Ed una difficoltà paragonabile era già accaduta, ad esempio, a Sir. Ernest Shackleton, la cui spedizione agli inizi del ‘900 per la traversata del Polo Sud si è trasformata in una incredibile operazione di salvataggio. Ernest Shackleton ha organizzato partite di calcio e spettacoli teatrali sul ghiaccio per non far cadere nella disperazione i suoi uomini, e li ha salvati tutti. Ora tocca a noi dimostrare che le capacità di adattamento dell’organismo e di analisi della mente umana sono straordinarie. 

Mantenersi in buona salute significa contrastare la paura, la collera, il desiderio di vendetta, l’ansia. Significa scegliere un’alimentazione adeguata, mantenere una discreta attività fisica, camminare, significa mettersi in discussione ed accettare la necessità di una psicoterapia di sostegno. Dobbiamo partire da un dato di fatto: possiamo contare solo su noi stessi perché nessuno verrà in nostro soccorso e gli amici un poco alla volta ci allontaneranno. E questo non è detto che sia propriamente un male.

Scoperta la trama è necessario decidere la reazione. Qualunque essa sia, il suo compimento sarà condizionato in modo importante dalla forza di volontà profusa. La persona sottoposta a molestie morali potrà organizzare una propria strategia difensiva, oppure scegliere di lasciare il luogo di lavoro, magari con un trasferimento in altra sede, con un cambio di incarico di pari professionalità, perfino rassegnando le dimissioni, Ma deve essere una scelta consapevole, ponderata nei minimi particolari, libera, perché la decisione lotta o fuga sarà una delle più importanti della sua esistenza ed ognuno è libero di autodeterminare la propria.

Prima di decidere la reazione è fondamentale però analizzare la strategia che ci è stata organizzata contro, in modo da poter individuare i suoi confini, elencarne le caratteristiche, riconoscere i suoi punti forti ed i punti deboli, ideare delle contromisure efficaci.

martedì 1 maggio 2012

Inizio


In questo spazio intendo contribuire ad illustrare e commentare una forma di violenza complessa basata sulla comunicazione falsa, malevola e paradossale. 

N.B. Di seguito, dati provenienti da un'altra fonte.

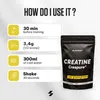 Creatine Monohydrate Creapure® (500G) Podgląd zdjęcia produktu 3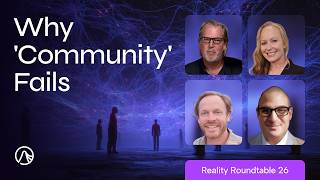 Everyone Wants a Village, Nobody Wants to Be a Villager | RR 26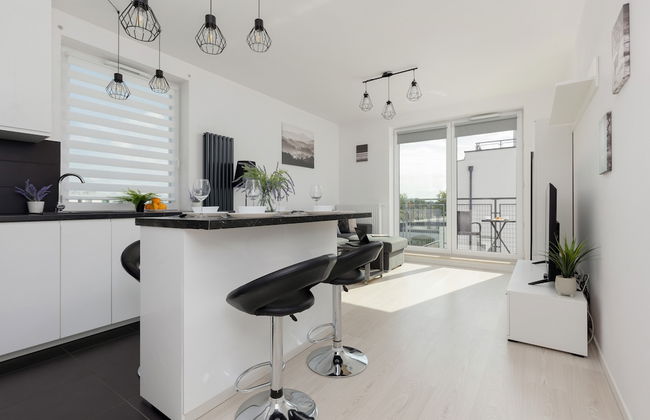 Szlachecka Apartment, Parking by Renters - Foto 18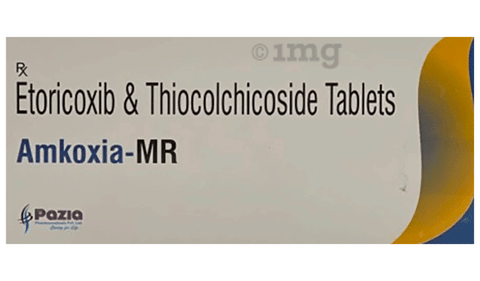 Amkoxia-MR Tablet image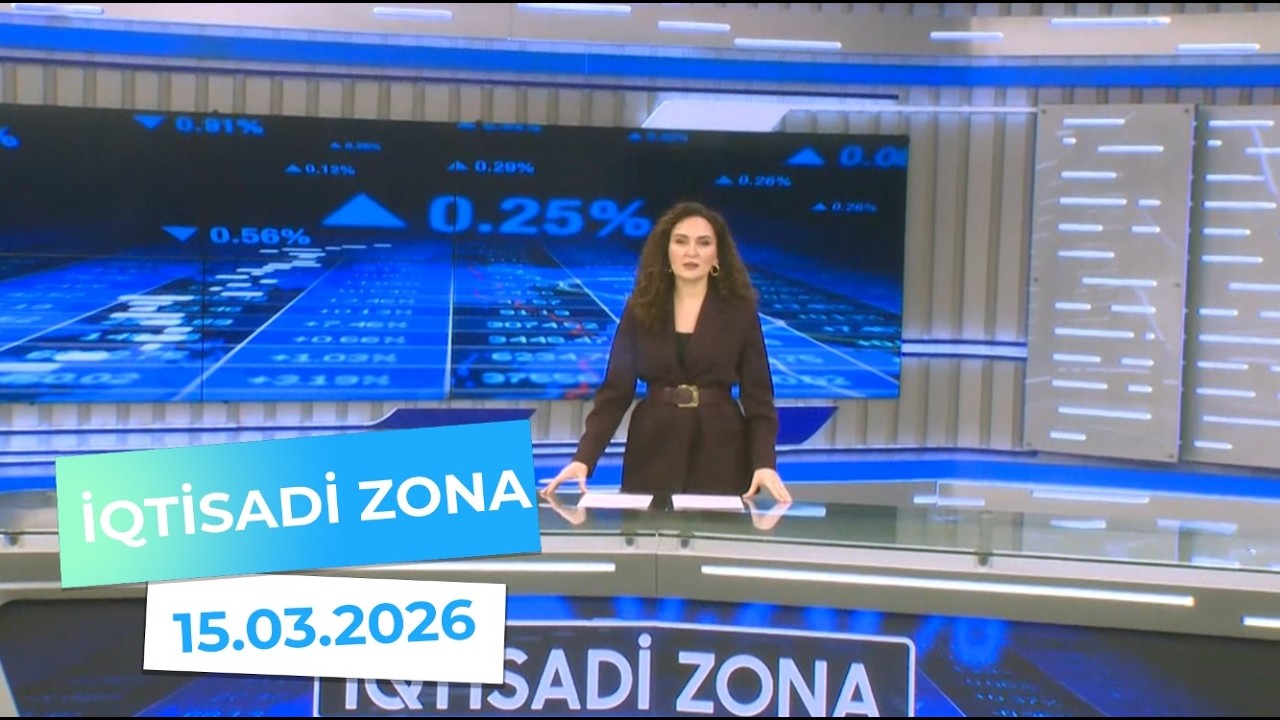 İqtisadi Zona / 15.03.2026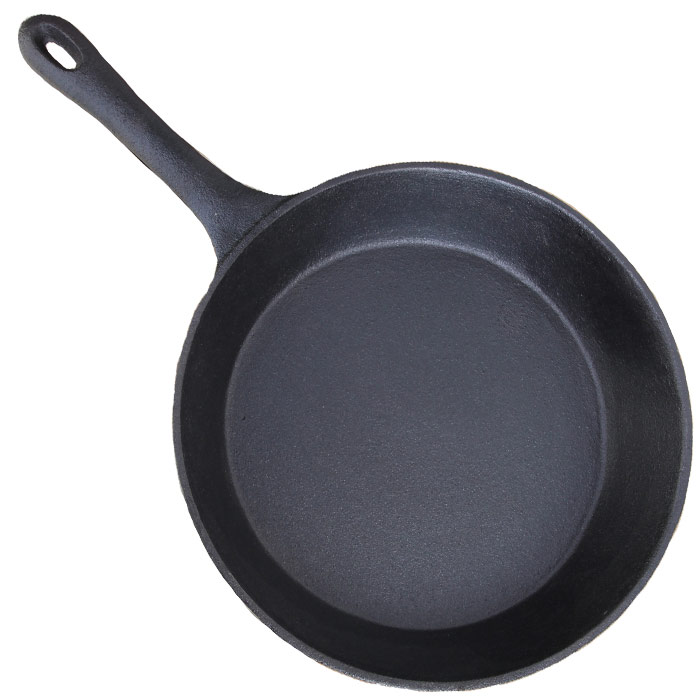 Litinová grilovací pánev 26 cm CLASSIC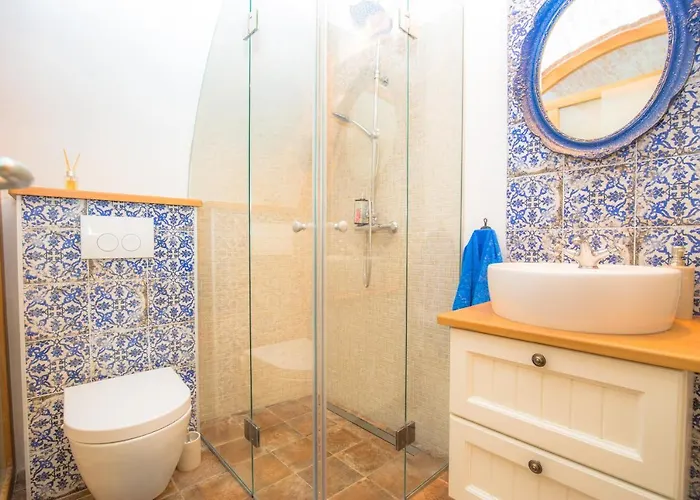 Apartament 2 Cannons/old Town Szybenik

Si tratta di argomenti che potranno essere percepiti in modo diverso a seconda dell’indole di chi legge, poiché ognuno di noi non dà esattamente lo stesso significato agli eventi e non intende allo stesso modo l’esistenza umana. Anche per questo motivo intendo precisare fin da subito che i contenuti dei vari post non avranno la pretesa della scientificità né della verità storica, e non saranno riferiti a vicende o personaggi reali, saranno solo l’espressione delle mie convinzioni personali narrate avvalendomi del diritto costituzionale di manifestare liberamente il mio pensiero. 

Troveranno spazio anche altri tipi di interventi nel rispetto della natura del Blog, inteso come uno spazio comunicativo libero ove una fotografia può essere affiancata ad una citazione letteraria, ad un insieme di slide oppure ad una poesia. Il tutto spero risulti gradevole.


Questo Blog è dedicato a chi svolge il proprio lavoro con passione; qualunque esso sia.

La struttura della violenza
Volendo provare a dare una definizione formale si potrebbe affermare che: La violenza perpetrata con la strategia delle sistematiche vessazioni, psichiche e morali, attuata per motivi di lavoro, è quella forma di violenza dolosa costituita da più azioni, non necessariamente reiterate nel tempo con una cadenza costante e non dotate nemmeno di apprezzabile energia fisica, ma in grado di generare, tramite attacchi psicologici estremi, forme di assoggettamento indebito o di ostracismo, nonché far insorgere una significativa alterazione delle funzioni psicofisiche nella vittima designata. Consiste in un susseguirsi di eventi traumatici e micro traumatici, aventi come obiettivo il progressivo indebolimento delle resistenze psicologiche e come scopo la manipolazione subdola della volontà del soggetto aggredito.

In altre parole questa forma di violenza, pur basata quasi esclusivamente sulla comunicazione, è comunque in grado di far insorgere un turbamento dell’equilibrio nella psiche della vittima. Così come è possibile provocare lesioni all'organismo umano mediante una sostanza nociva e provocare una intossicazione, in modo corrispondente è possibile avvelenare a piccole gocce la psiche di un qualunque individuo mediante una comunicazione falsa, malevola o paradossale. 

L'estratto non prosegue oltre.